Heure Musicale du 9 janvier 2021

Samedi 9 janvier 2021

GLORIA

 

« Wo es war, soll ich werden », dit Freud. Là où c’était, je dois advenir. Vous remarquez que c’était est le seul temps qui se décline dans l’énoncé du principe du temps. C’était ainsi au commencement, c’était maintenant, c’était toujours, c’était dans les siècles des siècles. L’imparfait nous vient du futur. Le présent instantané, langage, verbe, se donne dans une trinité glorieuse qui coïncide avec sa célébration.
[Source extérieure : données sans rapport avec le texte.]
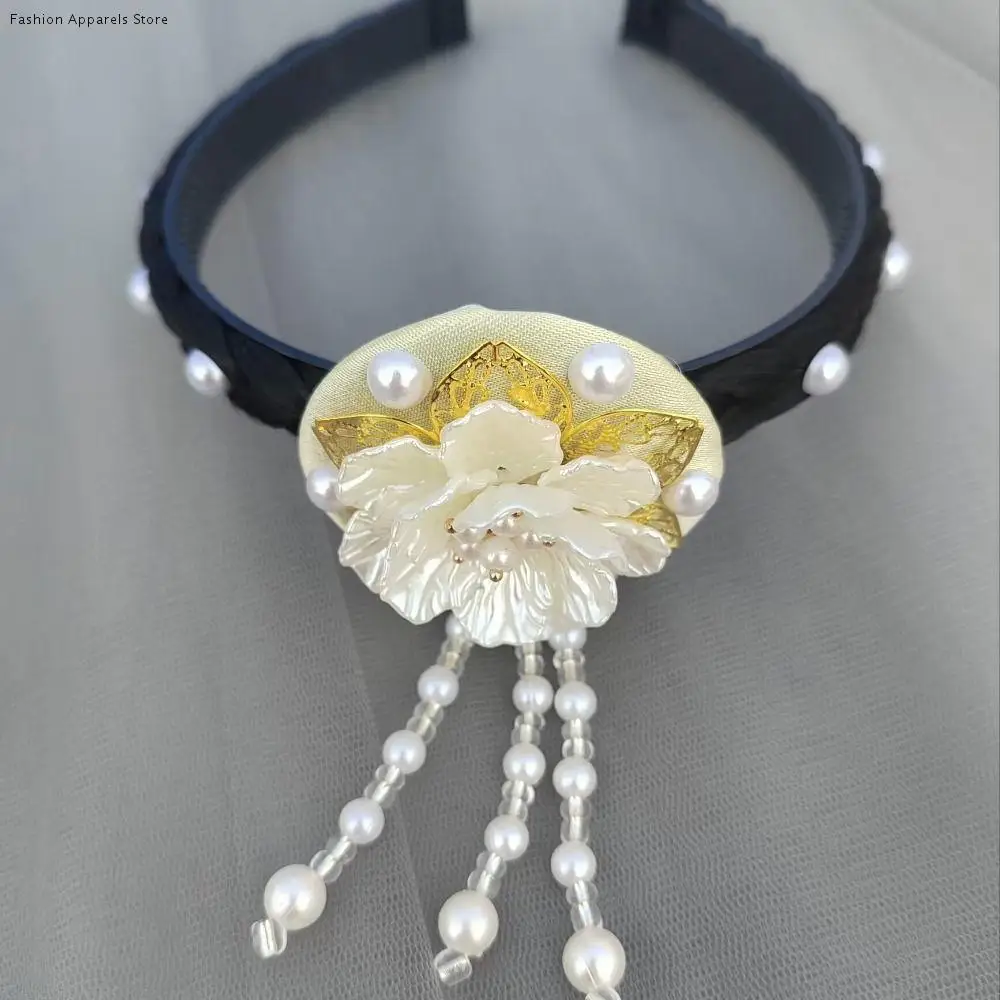 

Sweet Flower Korean Headband Pearl Beaded Hanbok Hairband Ethnic Style Traditional Stage Dance Hair Hoop Performance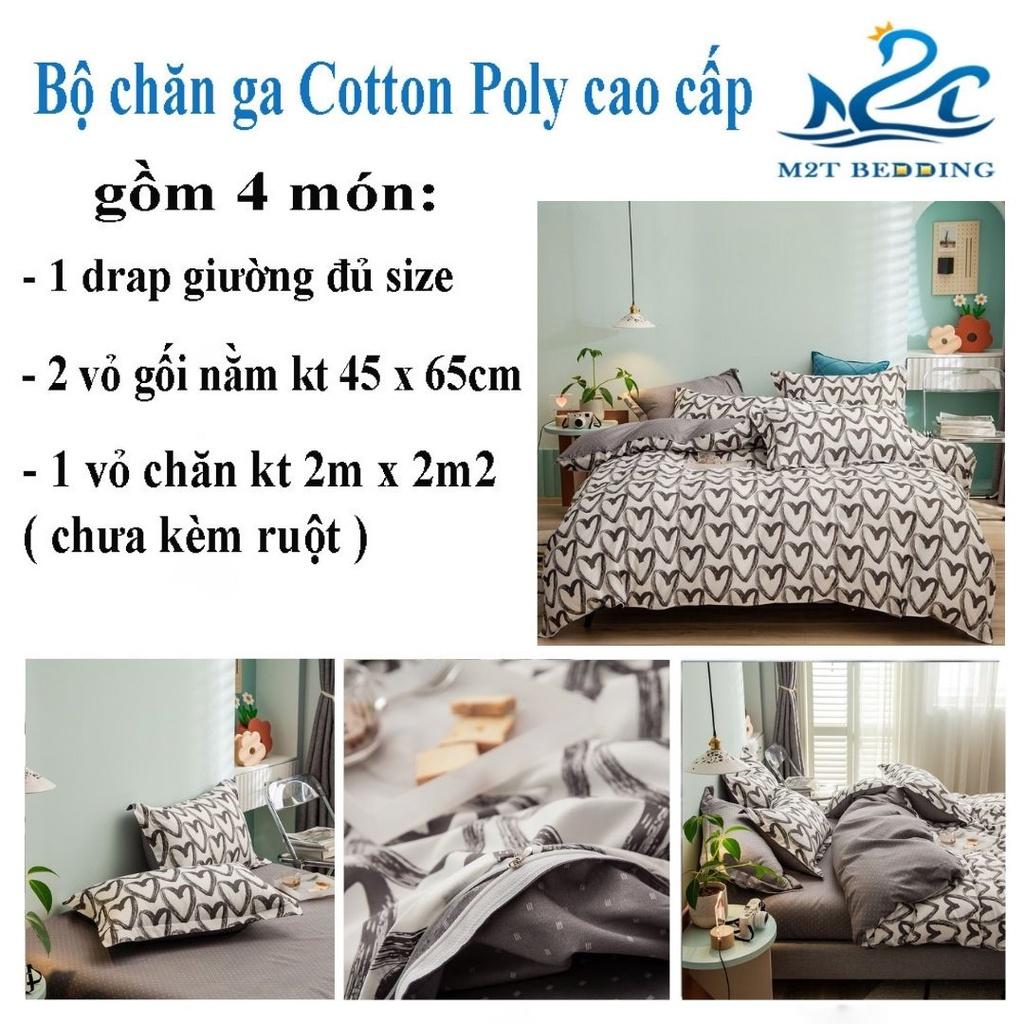 Bộ chăn ga Cotton poly M2T Bedding gồm vỏ chăn mền, drap ga giường và 2 vỏ gối nằm - sweet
Vous avez ce trois interne et externe, et la violation temporelle s’effritant, s’évanouissant sur ses bords. Soll : je dois. Je suis qui je suis, en trois personnes, précède et suit la péripétie du c’était. Je tombe de qui je suis dans le temps, je rentre dans qui je suis en comprenant l’imparfait du temps. ICH, je suis. J’adviens hors du c’était, lequel ne peut pas faire autrement que d’accoucher de moi si je me conçois.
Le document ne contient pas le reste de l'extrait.